Stored data entries:
· · · · ·

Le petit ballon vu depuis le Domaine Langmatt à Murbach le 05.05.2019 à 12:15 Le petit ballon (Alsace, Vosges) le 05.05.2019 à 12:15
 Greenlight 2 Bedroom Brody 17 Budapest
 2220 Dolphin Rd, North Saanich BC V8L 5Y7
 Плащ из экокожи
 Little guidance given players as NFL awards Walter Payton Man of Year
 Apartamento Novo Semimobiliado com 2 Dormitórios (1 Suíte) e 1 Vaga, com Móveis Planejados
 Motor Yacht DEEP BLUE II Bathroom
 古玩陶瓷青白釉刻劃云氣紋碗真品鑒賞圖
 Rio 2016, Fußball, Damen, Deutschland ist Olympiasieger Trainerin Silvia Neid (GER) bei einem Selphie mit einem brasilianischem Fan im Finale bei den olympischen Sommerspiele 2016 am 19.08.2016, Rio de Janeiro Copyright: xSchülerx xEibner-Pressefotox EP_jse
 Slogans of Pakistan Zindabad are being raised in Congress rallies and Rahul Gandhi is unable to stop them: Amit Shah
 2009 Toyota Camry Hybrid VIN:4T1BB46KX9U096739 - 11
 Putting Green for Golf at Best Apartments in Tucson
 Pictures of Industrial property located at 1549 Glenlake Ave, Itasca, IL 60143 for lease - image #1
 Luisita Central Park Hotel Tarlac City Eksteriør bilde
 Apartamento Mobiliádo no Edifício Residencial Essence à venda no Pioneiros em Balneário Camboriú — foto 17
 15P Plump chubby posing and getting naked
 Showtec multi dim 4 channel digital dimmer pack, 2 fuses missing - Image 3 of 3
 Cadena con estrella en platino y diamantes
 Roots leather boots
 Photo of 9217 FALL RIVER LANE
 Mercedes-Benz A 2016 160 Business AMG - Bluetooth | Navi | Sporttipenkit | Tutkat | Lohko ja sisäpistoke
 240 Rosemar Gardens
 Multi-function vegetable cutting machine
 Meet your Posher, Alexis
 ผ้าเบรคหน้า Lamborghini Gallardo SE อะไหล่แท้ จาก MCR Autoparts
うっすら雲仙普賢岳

· · · · ·

(What is expected)
Return the span of lines in the data above that opens at the line with "Pictures of Industrial" and closes at the line with "Photo of 9217 FALL RIVER LANE", exactly, ends included, nothing else.

(Response for this exercise)
 Pictures of Industrial property located at 1549 Glenlake Ave, Itasca, IL 60143 for lease - image #1
 Luisita Central Park Hotel Tarlac City Eksteriør bilde
 Apartamento Mobiliádo no Edifício Residencial Essence à venda no Pioneiros em Balneário Camboriú — foto 17
 15P Plump chubby posing and getting naked
 Showtec multi dim 4 channel digital dimmer pack, 2 fuses missing - Image 3 of 3
 Cadena con estrella en platino y diamantes
 Roots leather boots
 Photo of 9217 FALL RIVER LANE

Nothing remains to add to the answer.